### Material for this exercise
⁂
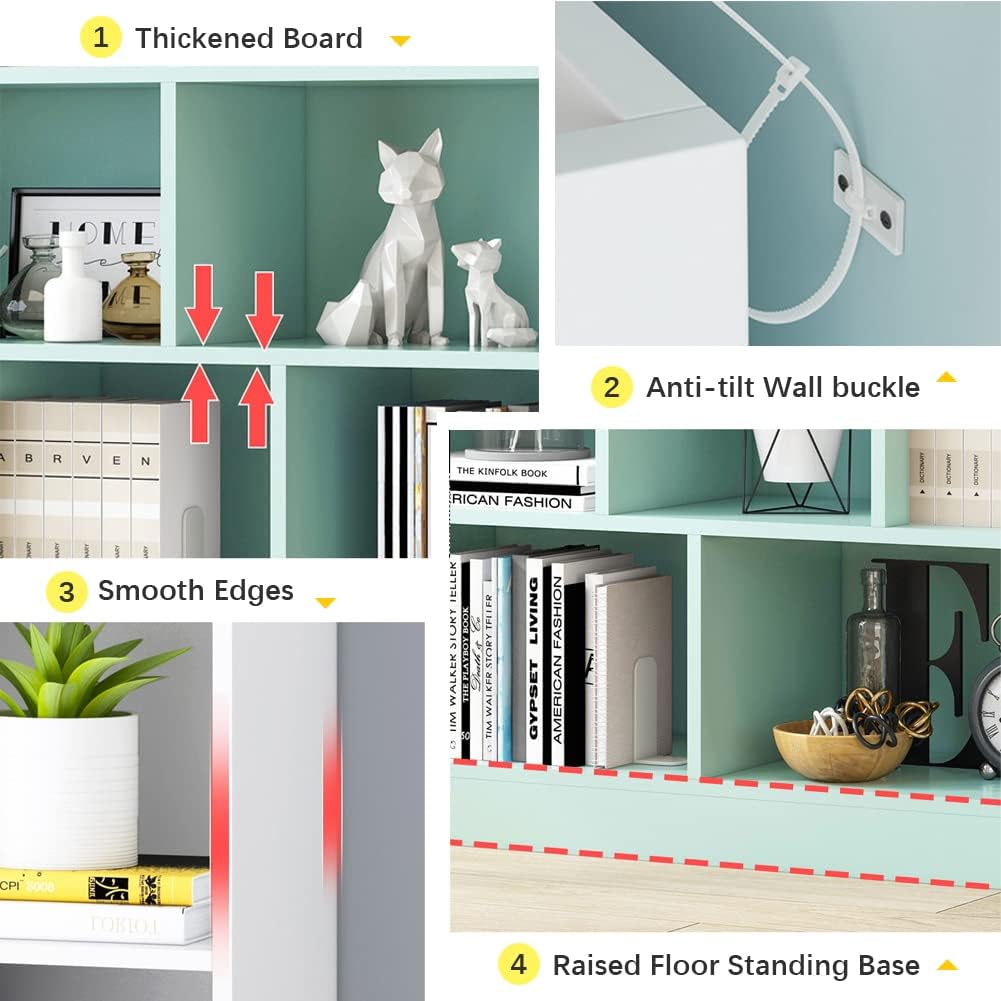 IOTXY Open Shelf Low Bookcase - Wooden 3-Tier Floor Standing Display Cabinet Organizer with Base, 8 Cubes Short Horizontal Bookshelf in Pear Yellow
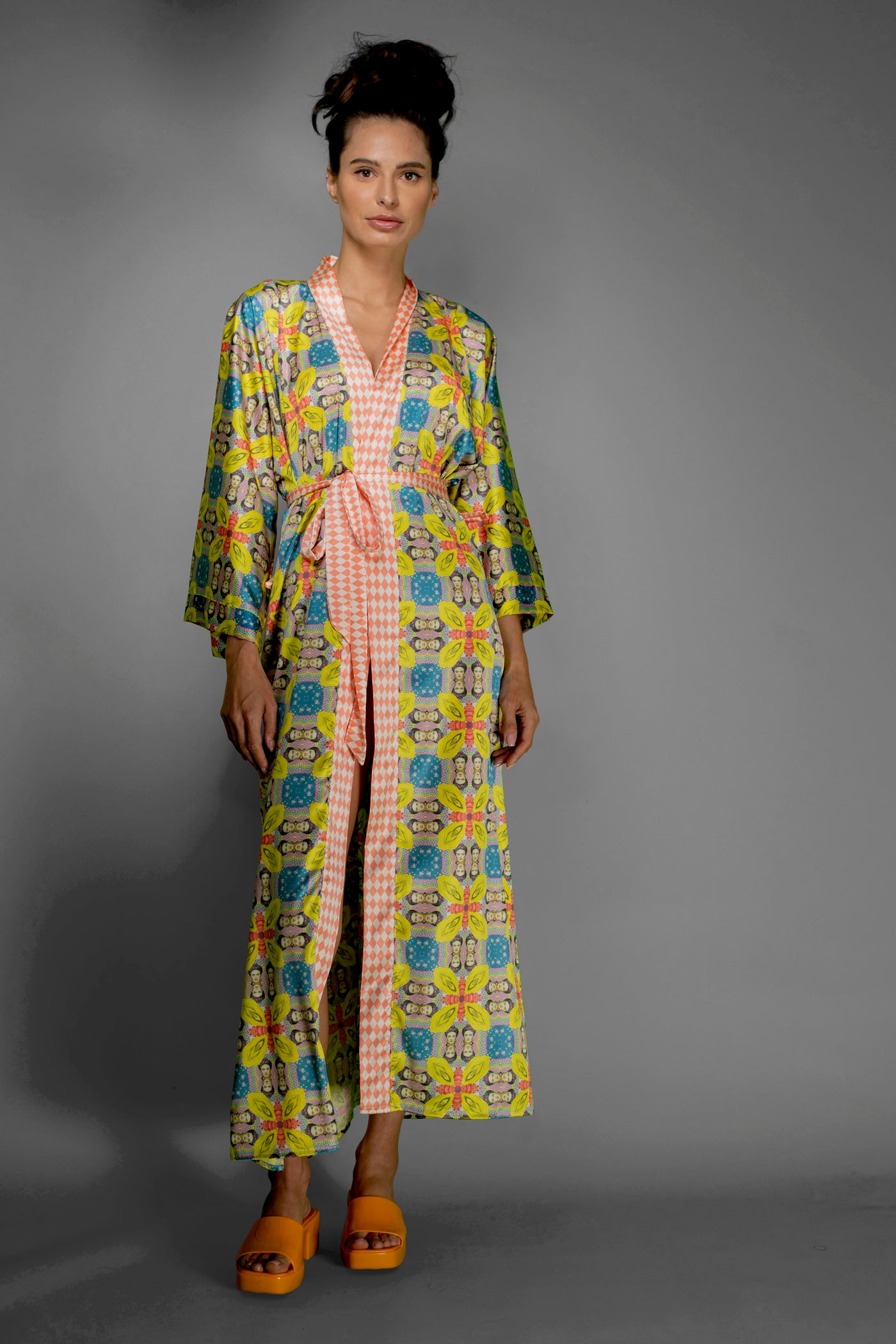Tribute to Frida Satin Kimono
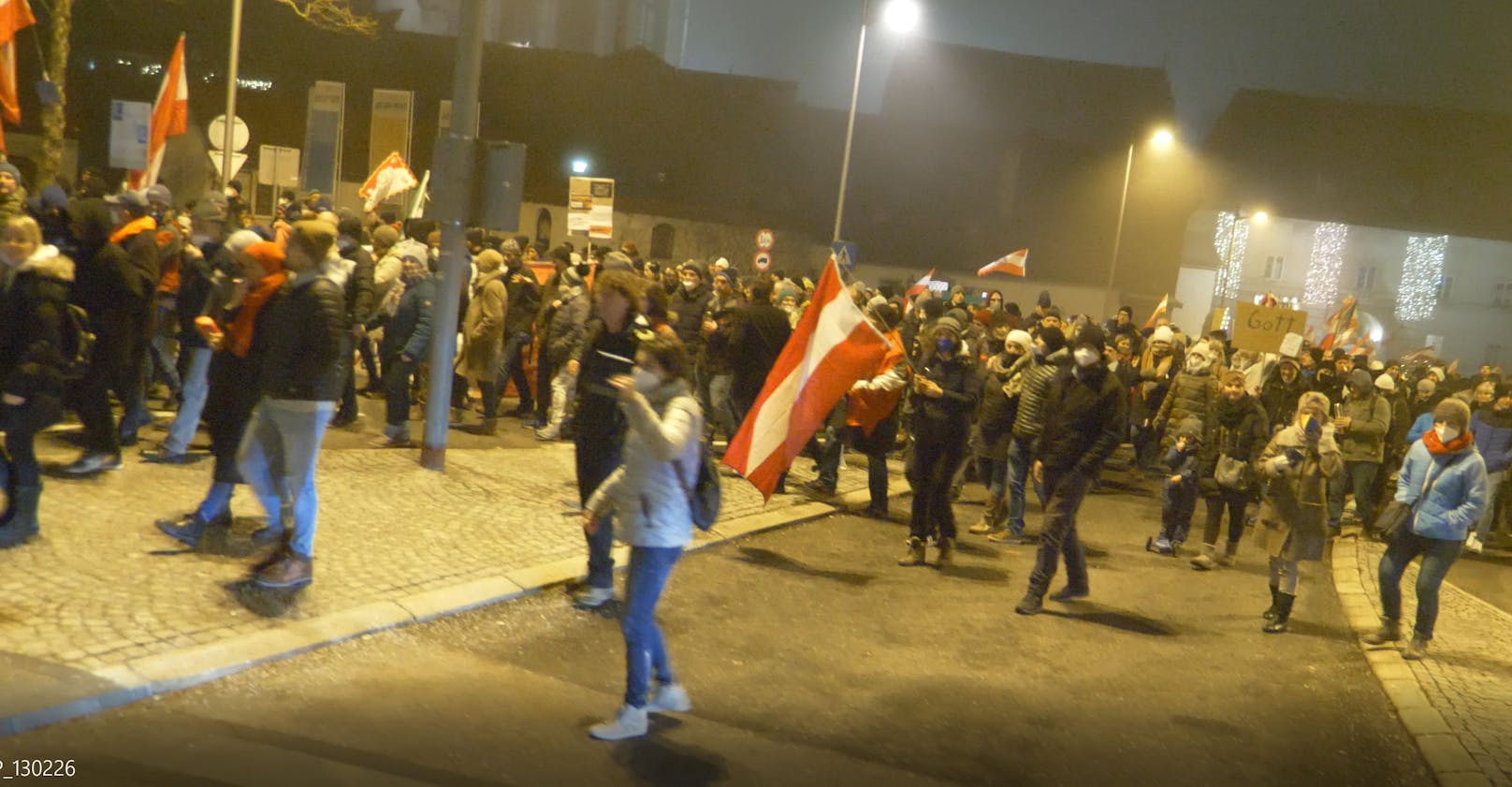 Bei der Demo in Steyr wurden vier Polizisten verletzt.
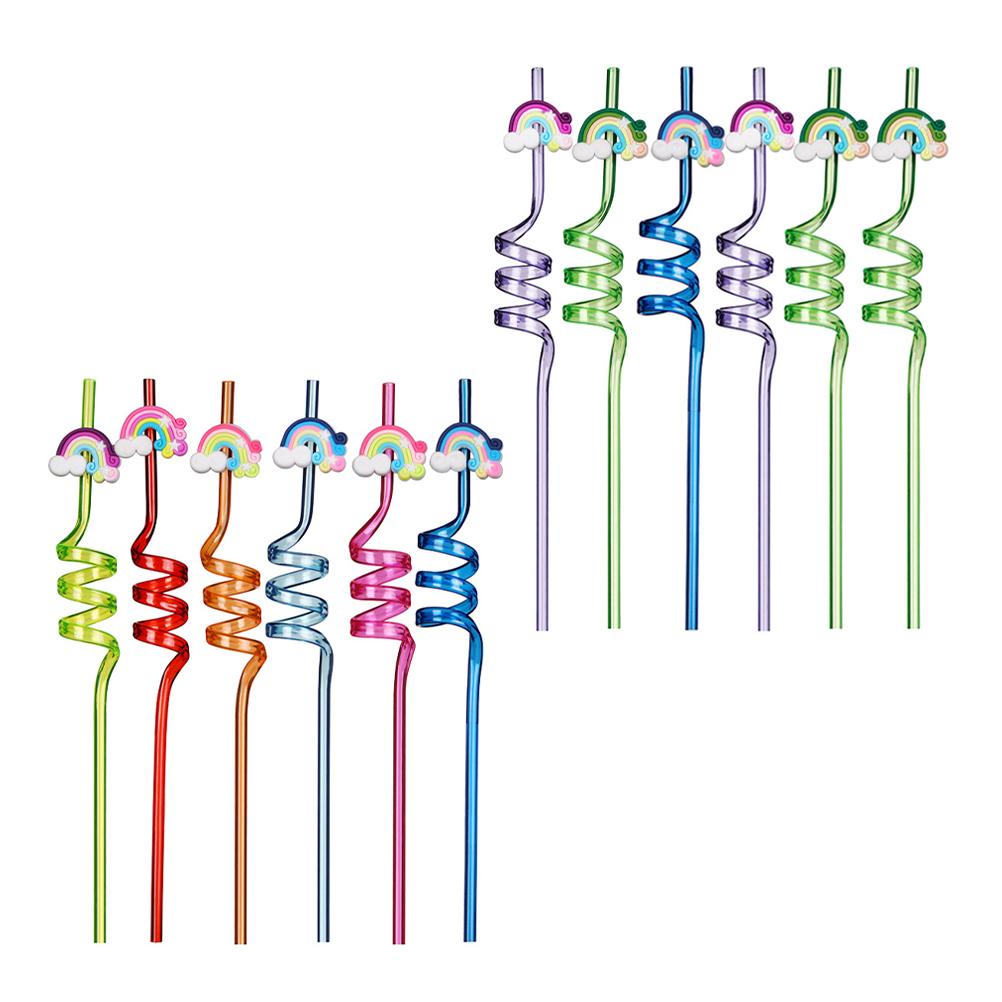 20 Pcs Rainbow Straw Beverage Straws Kids Drink for Festival Cartoon Childrens Toys Adorable Party Decorate Decorations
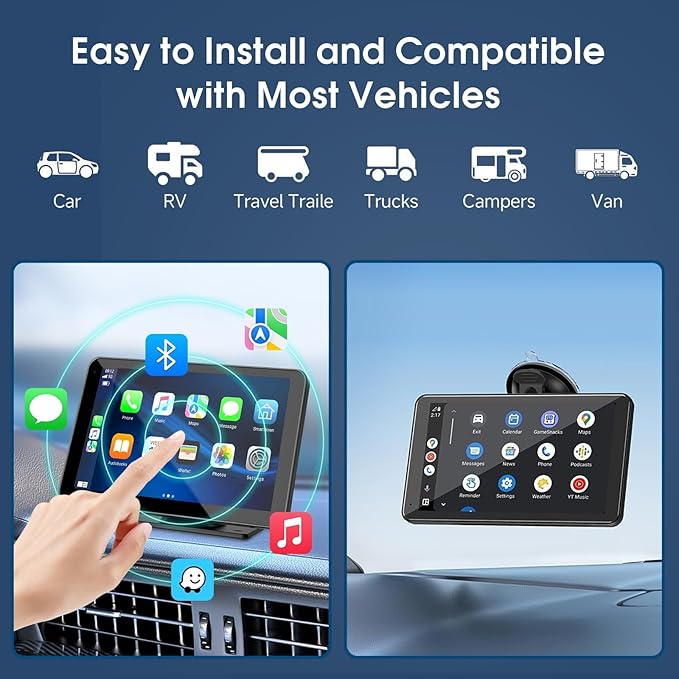 Carplay Screen for Car, 7" HD Wireless Portable Car Play Touchscreen Stereo with Android Auto Mirror Link/Backup Camera/GPS Navigation/Satellite Radio for All Vehicles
⁂
### The task
Restate exactly the lines that start at the "20 Pcs Rainbow" line and end with the last line of the material above, leaving out the pictures.

### Exercise result
 20 Pcs Rainbow Straw Beverage Straws Kids Drink for Festival Cartoon Childrens Toys Adorable Party Decorate Decorations
 Carplay Screen for Car, 7" HD Wireless Portable Car Play Touchscreen Stereo with Android Auto Mirror Link/Backup Camera/GPS Navigation/Satellite Radio for All Vehicles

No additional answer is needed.